= EXCERPTED RECORDS =
★ ★ ★ ★ ★ ★ ★
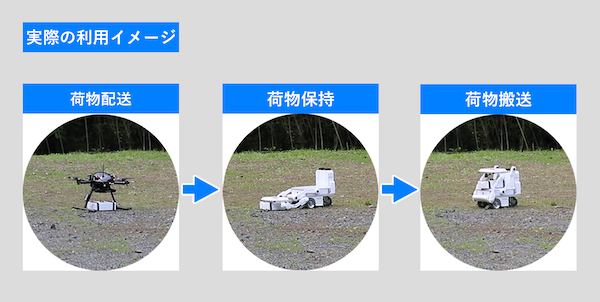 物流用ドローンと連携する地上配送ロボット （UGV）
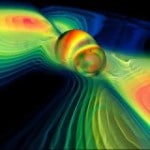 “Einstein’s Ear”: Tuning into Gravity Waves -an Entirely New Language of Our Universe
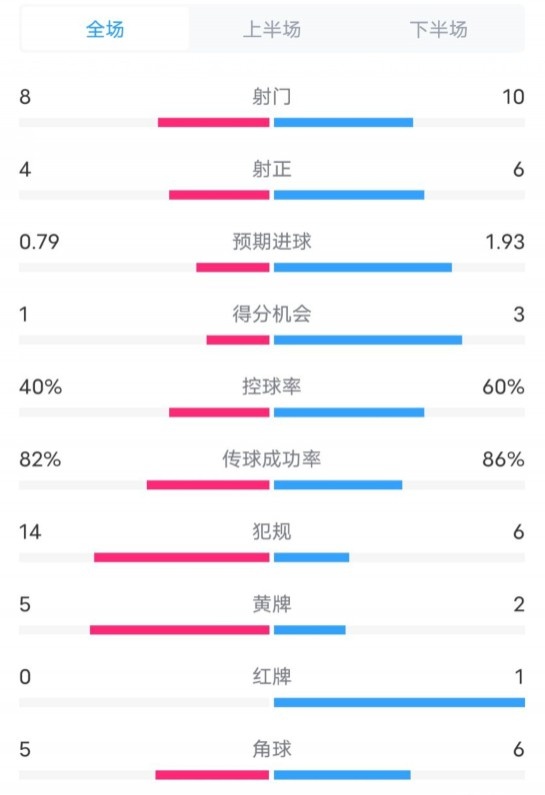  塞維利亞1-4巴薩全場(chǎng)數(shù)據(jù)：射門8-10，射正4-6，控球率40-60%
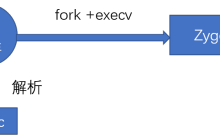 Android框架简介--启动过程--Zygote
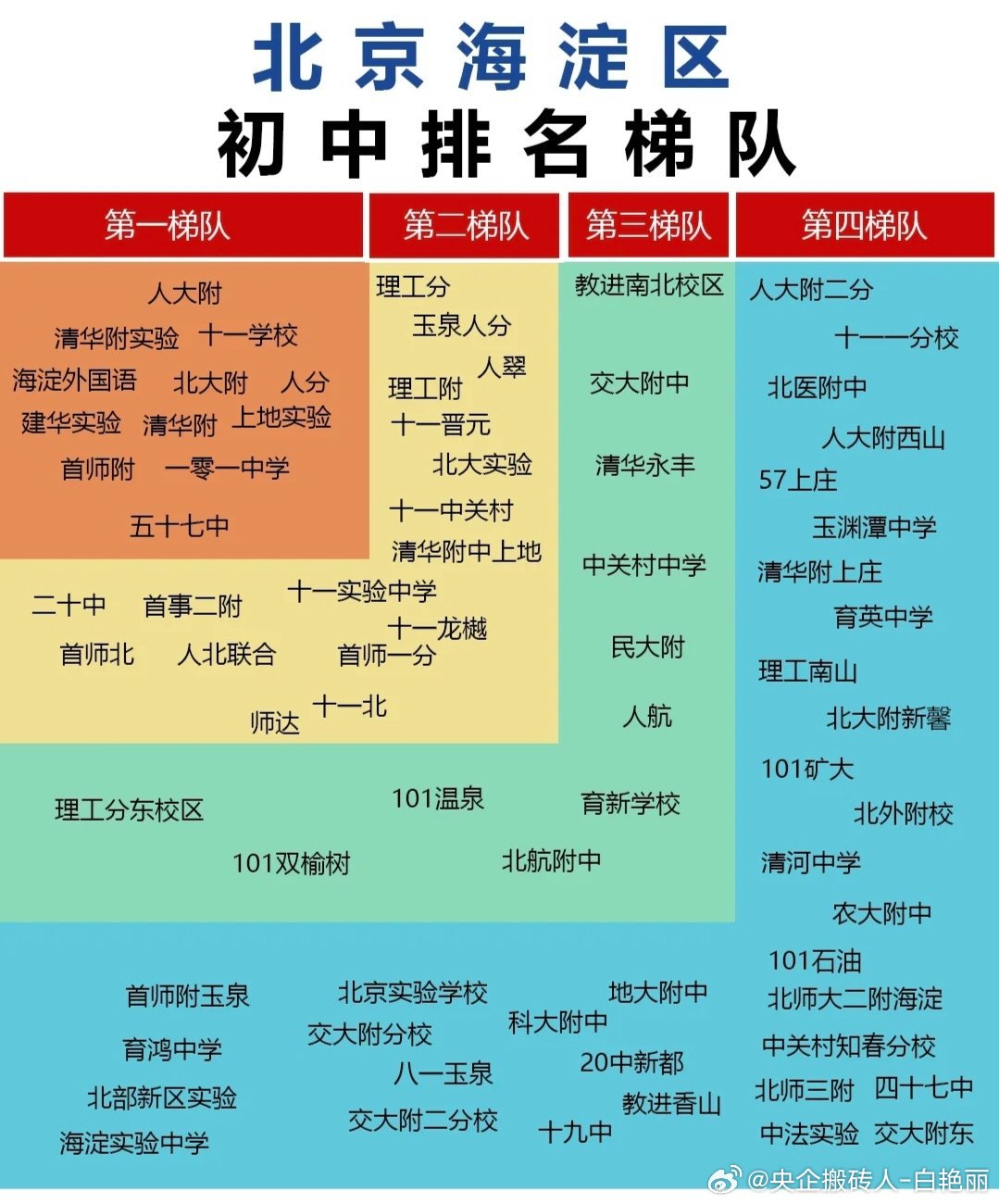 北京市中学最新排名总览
★ ★ ★ ★ ★ ★ ★
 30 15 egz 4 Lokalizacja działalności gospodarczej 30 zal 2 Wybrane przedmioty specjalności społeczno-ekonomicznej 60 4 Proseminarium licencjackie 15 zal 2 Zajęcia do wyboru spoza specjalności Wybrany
★ ★ ★ ★ ★ ★ ★
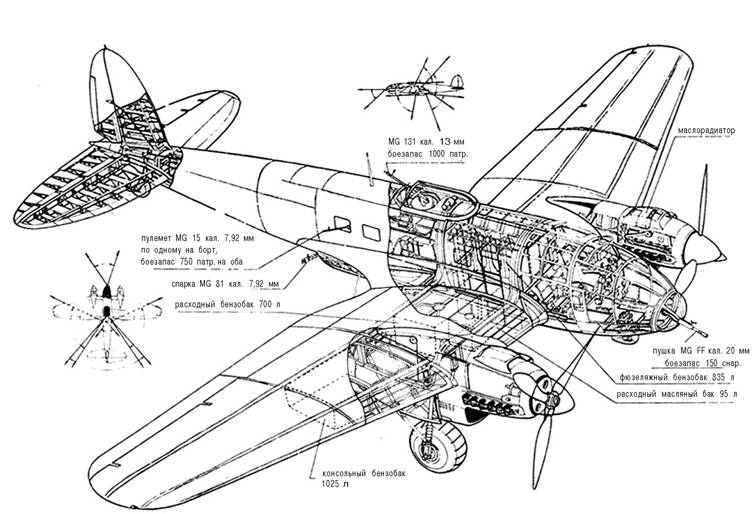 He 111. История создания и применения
★ ★ ★ ★ ★ ★ ★
= WORK REQUEST =
Look above for the line with "塞維利亞1-4巴薩全場(ch" and the line with "北京市中学最新排名总览". Give again exactly those two lines and all lines between them, pictures excluded.

= TASK SOLUTION =
  塞維利亞1-4巴薩全場(chǎng)數(shù)據(jù)：射門8-10，射正4-6，控球率40-60%
 Android框架简介--启动过程--Zygote
 北京市中学最新排名总览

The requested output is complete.